IT'S no secret that for years I was no more than an occasional, and lukewarm, admirer of Andrew Manze as a conductor.
(I preferred him as a superb Baroque violinist.) Conversion can take time, but on Thursday night I was comprehensively blown away by the white-hot performance of Schumann's Second Symphony that the BBC SSO produced for Manze, played with an almost incandescent immediacy.
There is a big picture to this complex symphony, one which not all conductors bring off the page and sustain. Manze had it all: the symphony never teetered. Its first movement was fired by his iron grip on the growing intensity that fuels it throughout, while successfully unleashing its torrential outpouring of energy. The Scherzo was fast, light and racing (almost endangering articulation) while the great slow movement (a love song) pulsed along, not wallowing, but breaking this listener's heart anyway, and the finale, at an astounding speed, with virtuoso orchestral ensemble playing, lashed the ears like a bracing wind.
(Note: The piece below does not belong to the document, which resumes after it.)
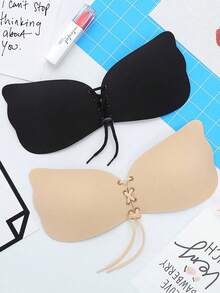 4pcs Butterfly Wing Adhesive Bra Invisible Strapless Push Up Backless Lift Bra For Wedding Dress - Multicolor - View 9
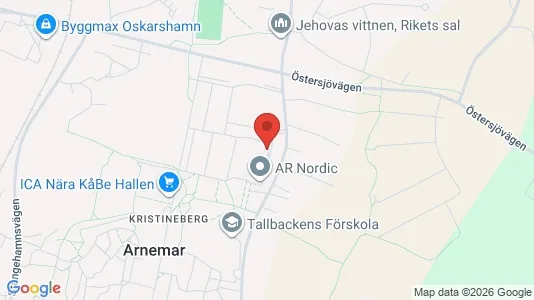 Lägenheter att hyra i Oskarshamn - kort over placeringen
It was a great performance, preceded by a supremely intelligent account of Beethoven's Third Piano Concerto by Steven Osborne, blessed by the pianist's lucid articulation in the first movement, his sheer, intimate warmth in the great slow movement, and a very unusual vision of the finale, where the usual witty high jinks were replaced by a moderate speed and an exceptional amount of grace and refinement. Clearly, more than one way to skin that particular cat.
A splendid show, opening with trumpeter Mark O'Keeffe and cor anglais player James Horan conjuring vast space and stillness from Copland's Quiet City in an evening packed with insights, challenges, and alternative views.